The data:
########

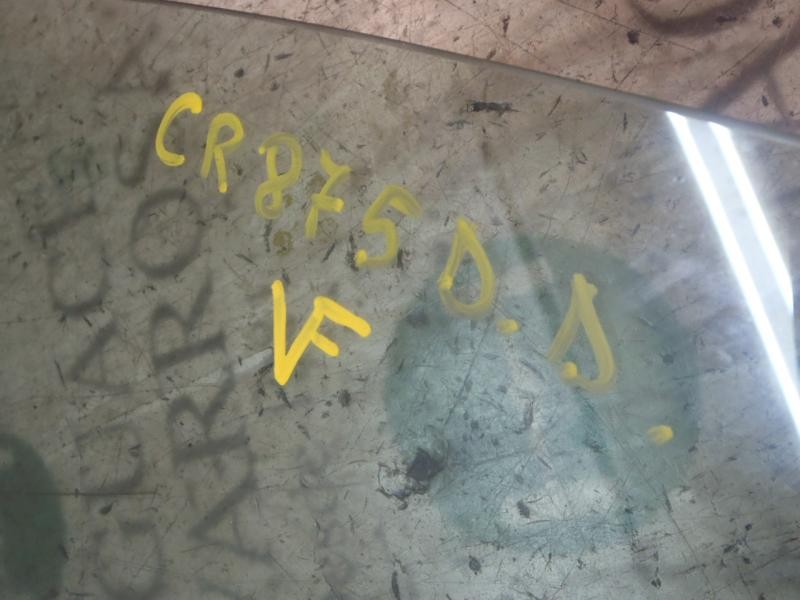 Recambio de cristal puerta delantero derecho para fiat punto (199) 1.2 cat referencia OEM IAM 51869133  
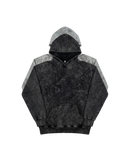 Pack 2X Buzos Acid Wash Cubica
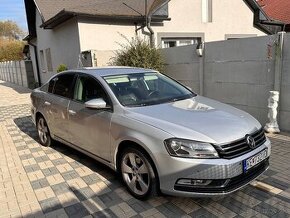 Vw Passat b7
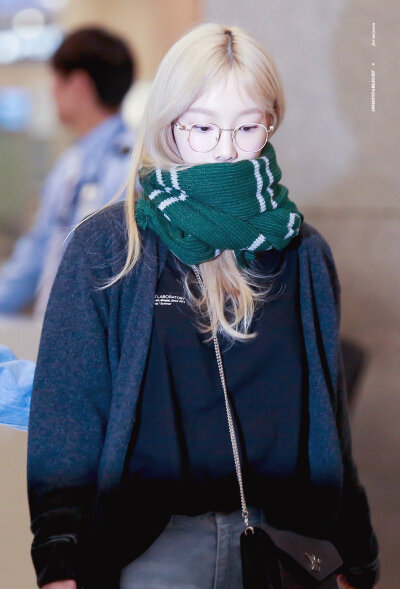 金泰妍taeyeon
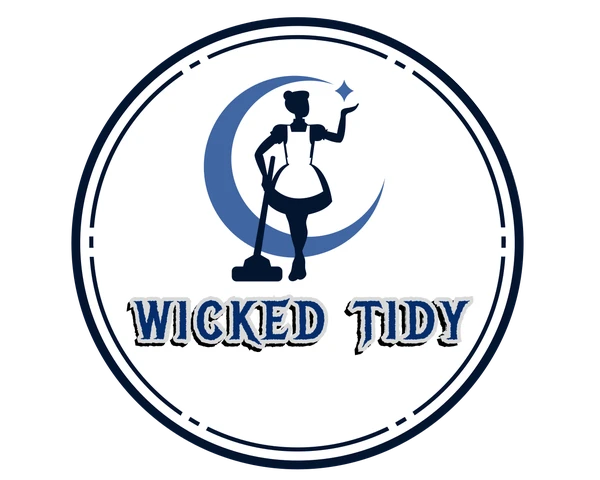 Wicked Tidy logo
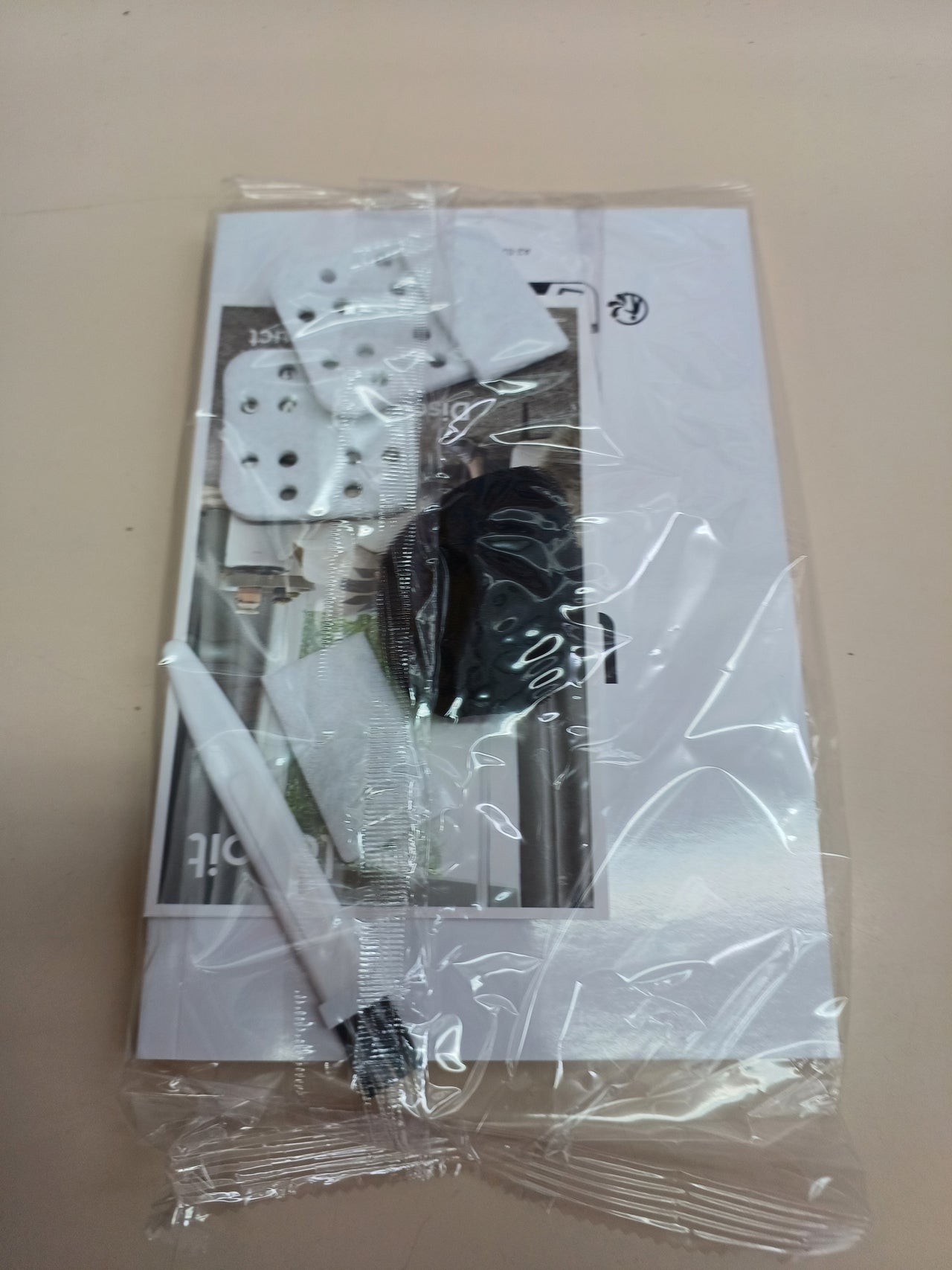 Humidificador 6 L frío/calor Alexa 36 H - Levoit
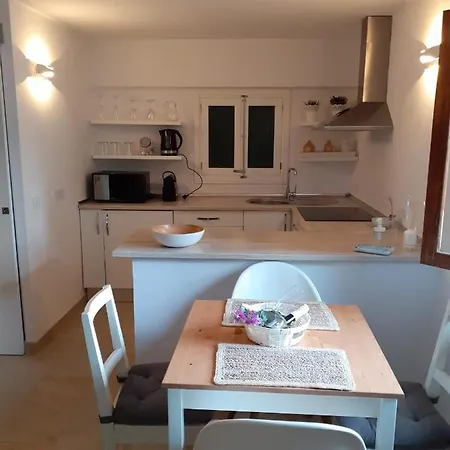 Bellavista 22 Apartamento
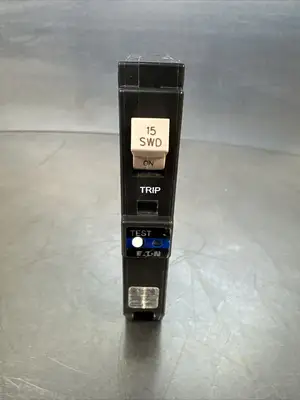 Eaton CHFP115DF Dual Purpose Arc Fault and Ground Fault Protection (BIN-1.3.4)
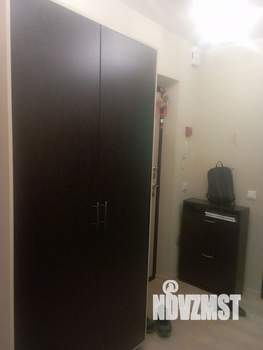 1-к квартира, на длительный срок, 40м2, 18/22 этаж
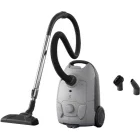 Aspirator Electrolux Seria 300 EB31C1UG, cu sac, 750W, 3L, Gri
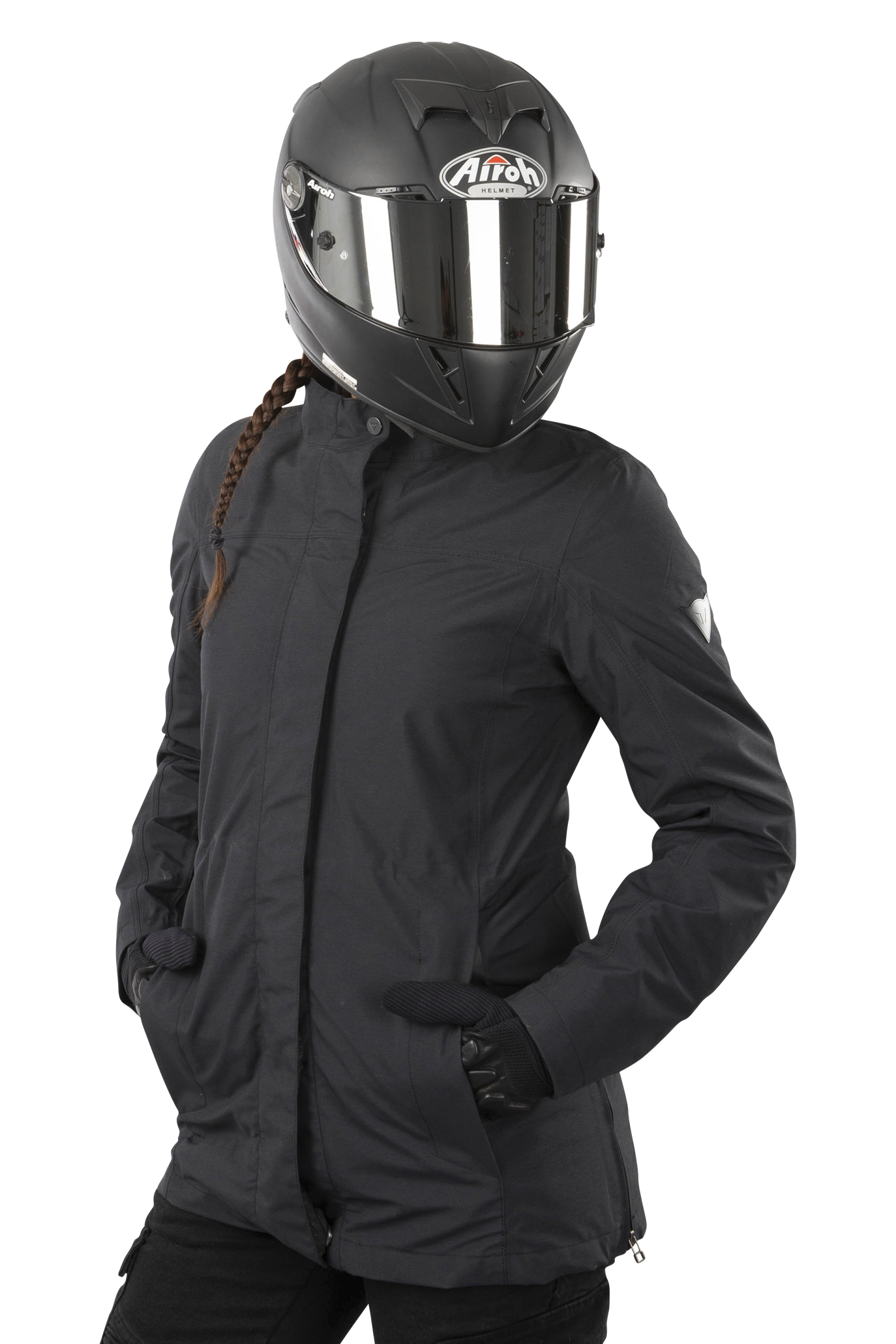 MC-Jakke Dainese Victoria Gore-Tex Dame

########

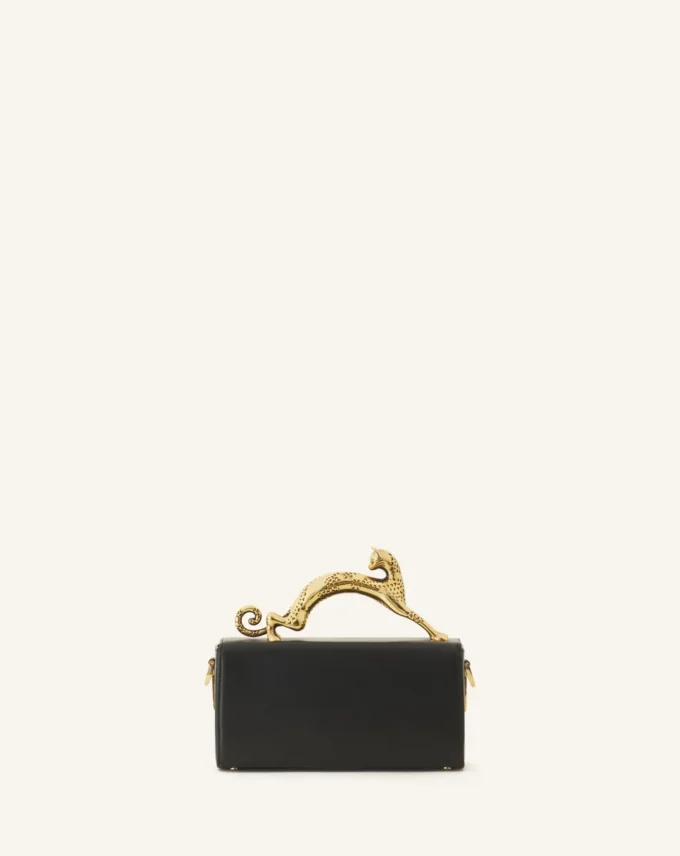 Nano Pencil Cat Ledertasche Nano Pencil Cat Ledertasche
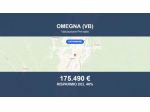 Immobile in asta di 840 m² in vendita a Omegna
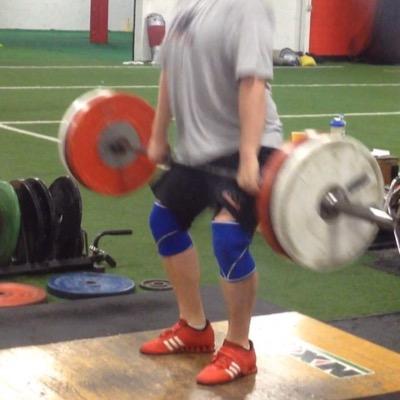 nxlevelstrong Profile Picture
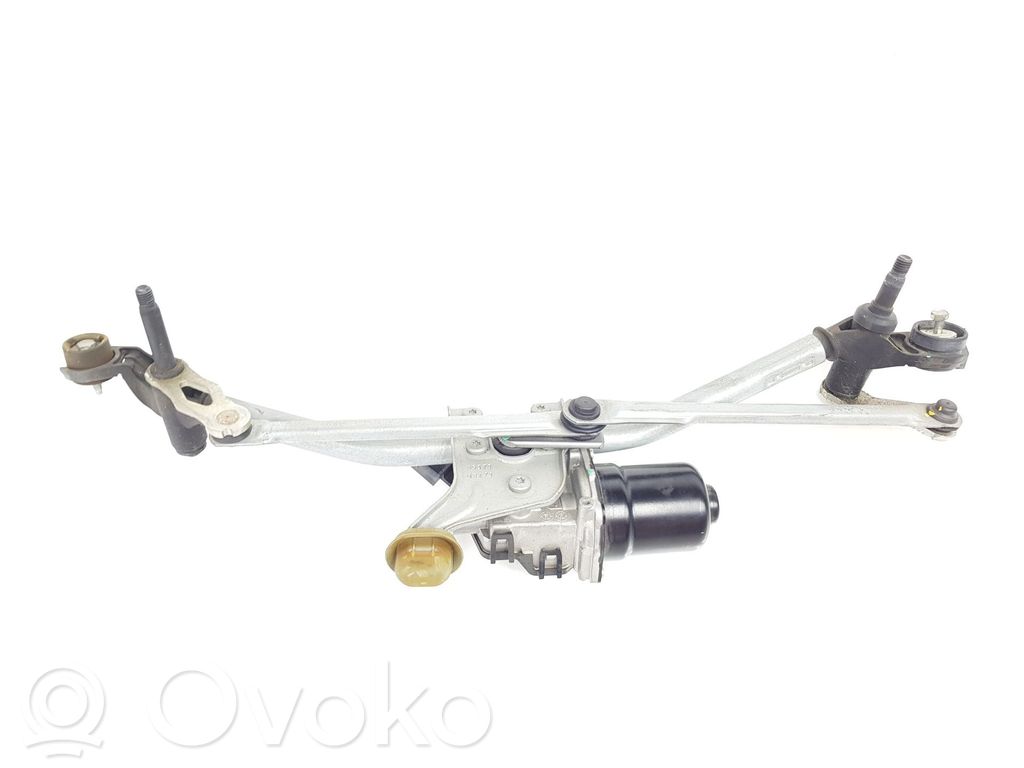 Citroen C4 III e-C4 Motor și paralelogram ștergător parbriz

########

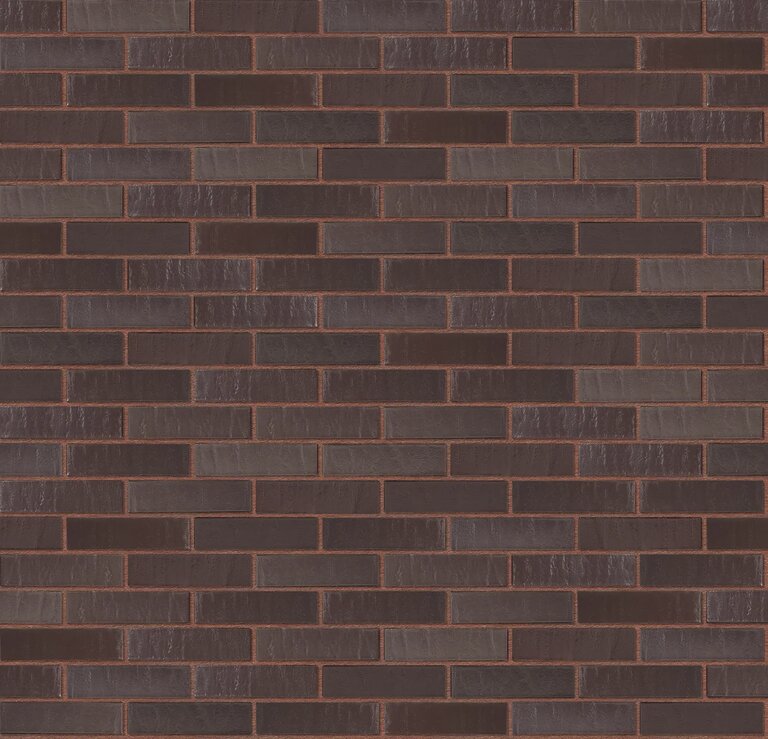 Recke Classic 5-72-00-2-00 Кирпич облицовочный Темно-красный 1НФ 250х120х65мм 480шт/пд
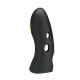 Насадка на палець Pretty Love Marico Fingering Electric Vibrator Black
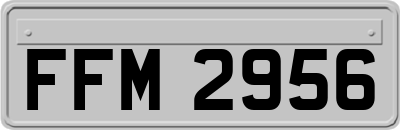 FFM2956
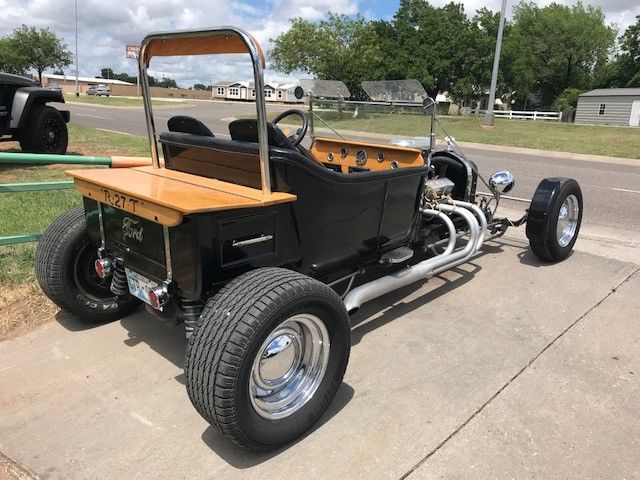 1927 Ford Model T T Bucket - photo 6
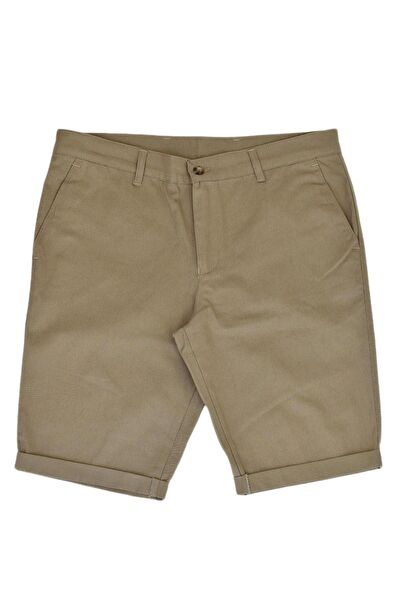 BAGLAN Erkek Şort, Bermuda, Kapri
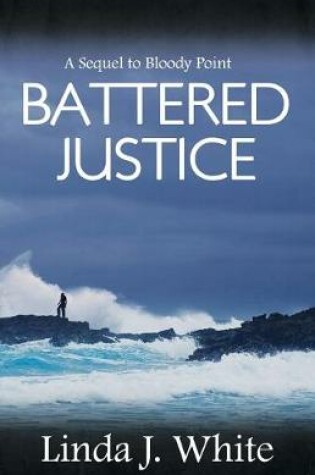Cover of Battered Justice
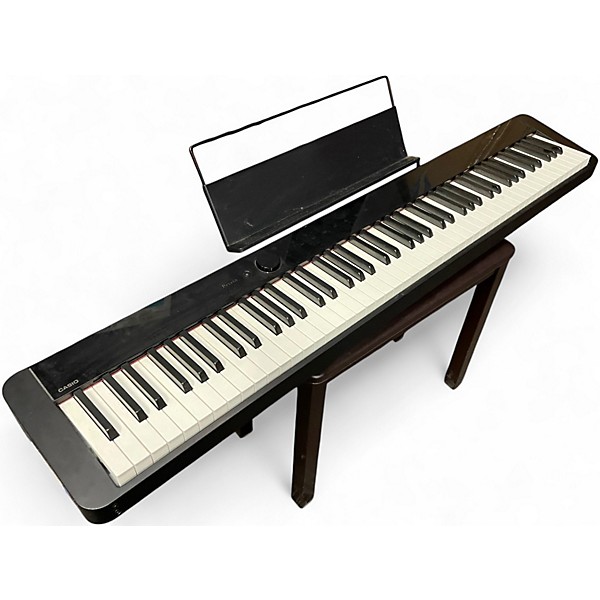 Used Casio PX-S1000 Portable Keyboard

########

Exercise: The response must repeat exactly the lines above from the one with "Bellavista 22 Apartamento" through the one with "MC-Jakke Dainese Victoria Gore-Tex Dame", including both, and must contain no pictures and no other text.

Solved exercise:
 Bellavista 22 Apartamento
 Eaton CHFP115DF Dual Purpose Arc Fault and Ground Fault Protection (BIN-1.3.4)
 1-к квартира, на длительный срок, 40м2, 18/22 этаж
 Aspirator Electrolux Seria 300 EB31C1UG, cu sac, 750W, 3L, Gri
 MC-Jakke Dainese Victoria Gore-Tex Dame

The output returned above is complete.